§ **EXERCISE MATERIAL**:
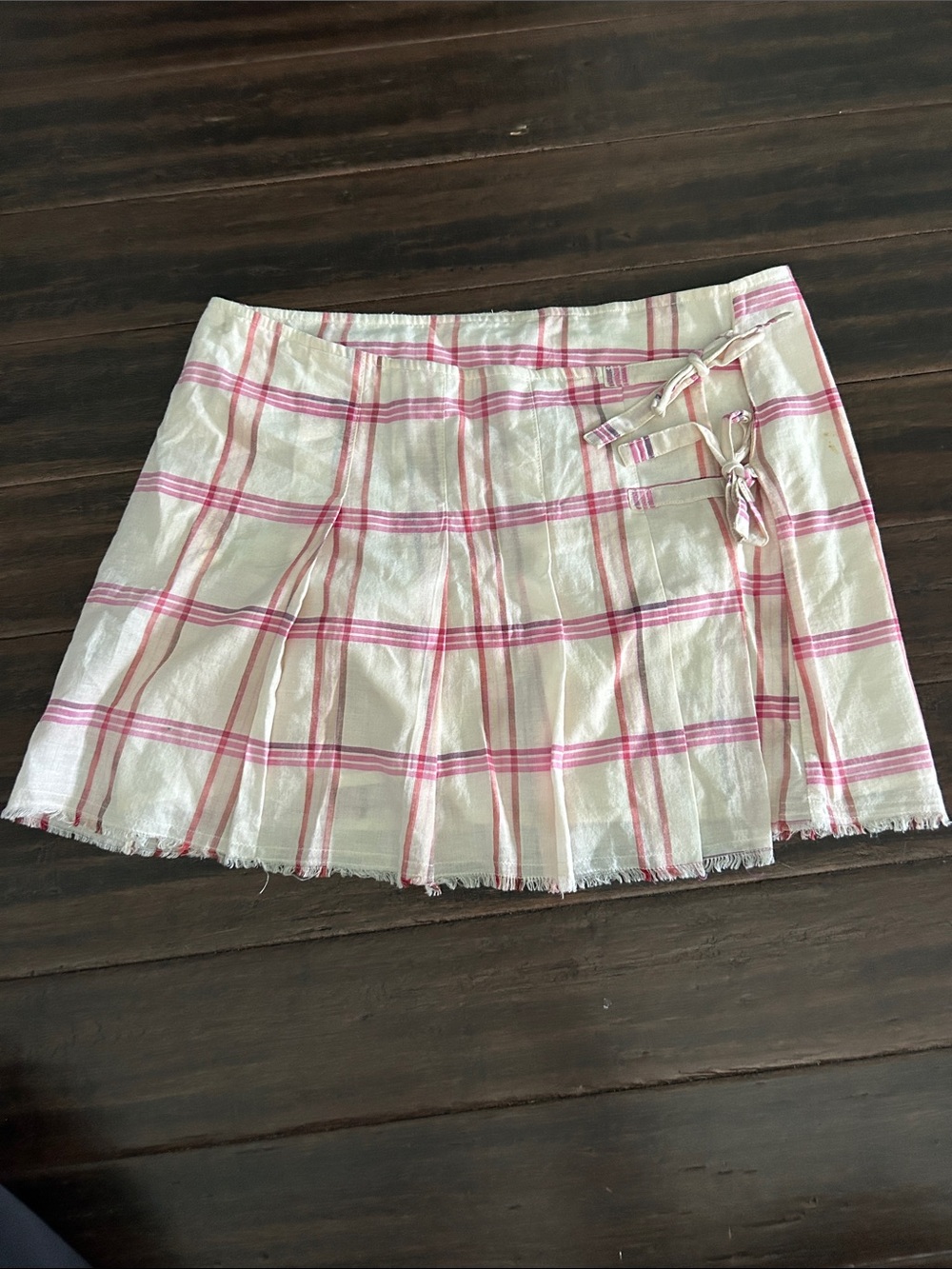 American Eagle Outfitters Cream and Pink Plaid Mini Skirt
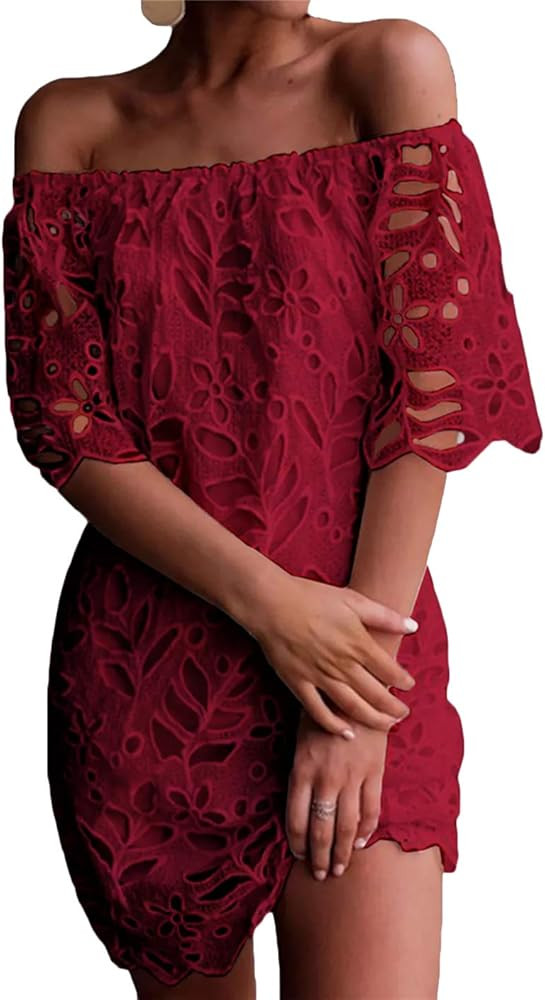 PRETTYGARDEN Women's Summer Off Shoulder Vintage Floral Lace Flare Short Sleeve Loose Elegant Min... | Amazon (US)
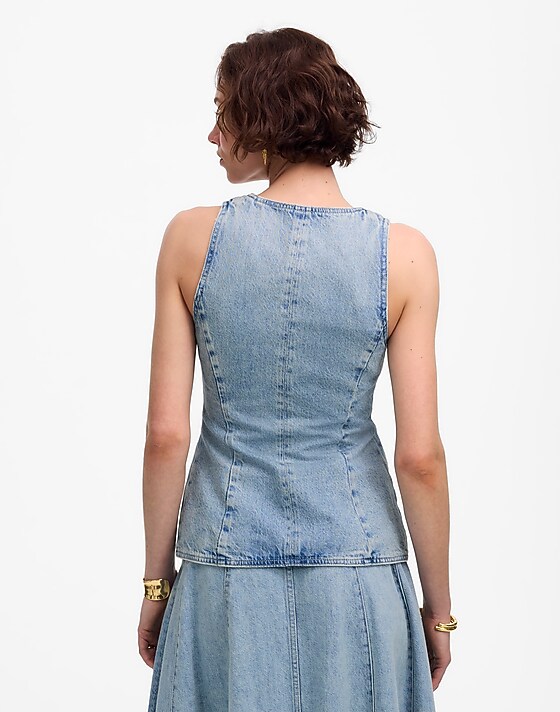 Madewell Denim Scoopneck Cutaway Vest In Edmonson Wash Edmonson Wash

==

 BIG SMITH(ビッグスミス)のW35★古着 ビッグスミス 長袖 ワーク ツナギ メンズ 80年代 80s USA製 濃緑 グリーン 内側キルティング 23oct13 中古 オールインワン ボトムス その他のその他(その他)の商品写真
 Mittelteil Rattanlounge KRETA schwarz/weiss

§ **TASK TO COMPLETE**: Output the lines of the records above exactly as they appear, from the line containing "BIG SMITH(ビッグスミス)のW35★古着 ビッグスミス" through the line containing "Mittelteil Rattanlounge KRETA schwarz/weiss".

§ **SOLVED PROBLEM**:
 BIG SMITH(ビッグスミス)のW35★古着 ビッグスミス 長袖 ワーク ツナギ メンズ 80年代 80s USA製 濃緑 グリーン 内側キルティング 23oct13 中古 オールインワン ボトムス その他のその他(その他)の商品写真
 Mittelteil Rattanlounge KRETA schwarz/weiss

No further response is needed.